Top Secret: Operation Rapidstrike!

One benefit of housecleaning is the inevitable rediscovery of treasures from another age. Case in point: two dust-covered bins filled with old tabletop roleplaying paraphernalia. One such gem is a module for TSR’s ill-fated Top Secret espionage RPG. Operation: Rapidstrike! is a holdover from TSR’s salad days in a  Geneva, Wisconsin warehouse.

Top Secret module cover

Full disclosure: I have never actually played through an entire Top Secret campaign, and picked up most of the material from discount bins long after the company had merged with Wizards of the Coast. Some friends and I made a couple of half-hearted attempts that never strayed far from the launchpad. (I vaguely remember some elaborate system in the rulebook for determining whether an agent’s actions warranted suspension or termination from his or her shadowy employer. Go figure, I wasn’t too excited about an RPG in which I’d have to worry about losing my job.) Still, there’s a schlocky appeal to the entire package, from the passé Cold War scenario to the trippy artwork.
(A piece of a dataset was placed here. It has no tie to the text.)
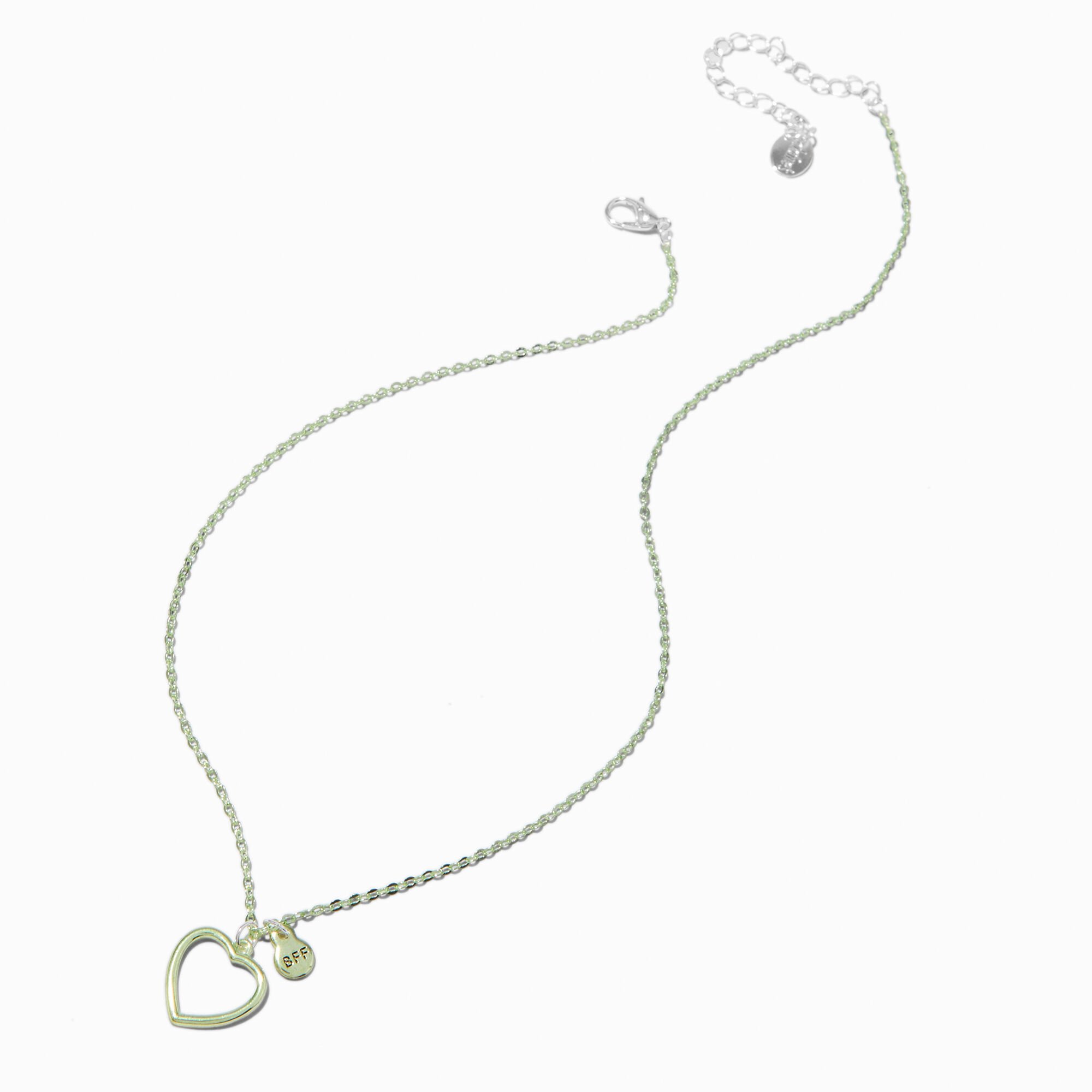Best Friends Flower, Heart & Butterfly Cut-Out Pendant Necklaces - 3 Pack,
Speaking of trippy artwork, there’s some amazing stuff from the inimitable Erol Otus between these covers. Many of the illustrations are amusing renderings by the usual stable of D&D artists, with secret agents that bear disturbing resemblance to elves and gnomes. But Otus gets to cut loose with some strange and cool imagery of an agent tripping balls on the designer drug Zucor, a house specialty of the module’s main villainess.

Erol Otus

“Oh my god” seems a perfectly understandable reaction to such a powerful hallucinogen.

We’re also provided with fairly elaborate instructions for creating a drug trip for the unfortunate victim of a Zucor dosage (and I quote):



Smell:   smoke; rotten meat; honeysuckle; chlorine; almonds

Feel: chills; breezes; pressure change; vibration; heat; gelatine

Hear: footsteps; gunshots; screams for help; large engine sound; rushing river

Taste: oranges; cordite; onion; chocolate; coffee

See: Man with weapon; Man with melted face; small child; grenade floating in the air; gas

Erol Otus

Ian Fleming meets William S. Burroughs! Almost makes we wish I’d stuck it out. But something tells me this is better perused than played.